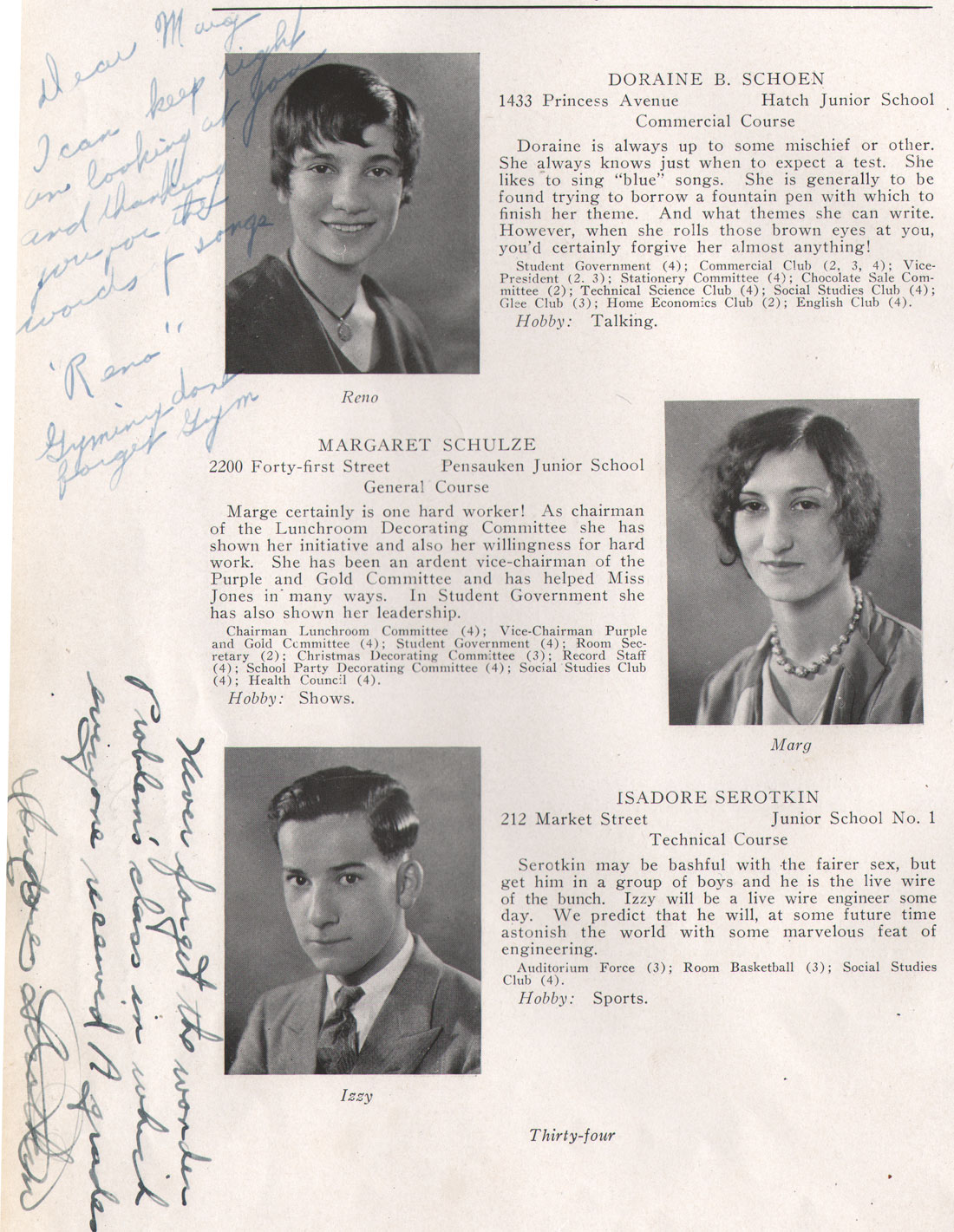 Class portraits yearbook page 34
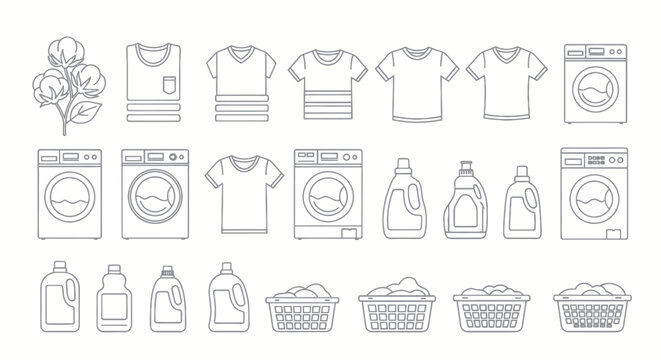 Laundry and cleaning supplies icons.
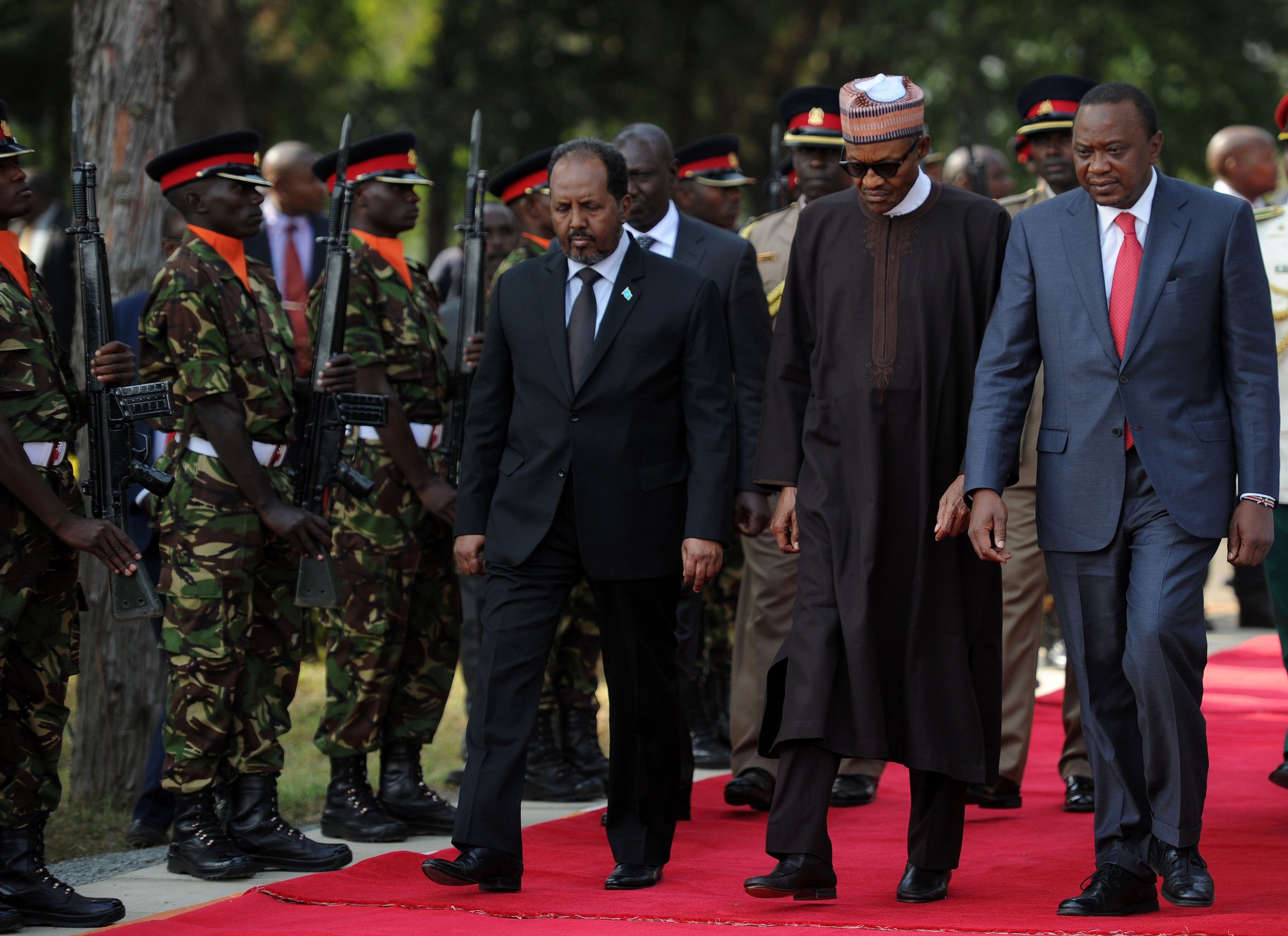 Hassan Sheikh Mohamud with Muhammadu Buhari and Uhuru Kenyatta.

• • • • •

■ **What the task asks**
Could the data be reproduced exactly, with the pictures omitted?

■ **Exercise output**
 Class portraits yearbook page 34
 Laundry and cleaning supplies icons.
 Hassan Sheikh Mohamud with Muhammadu Buhari and Uhuru Kenyatta.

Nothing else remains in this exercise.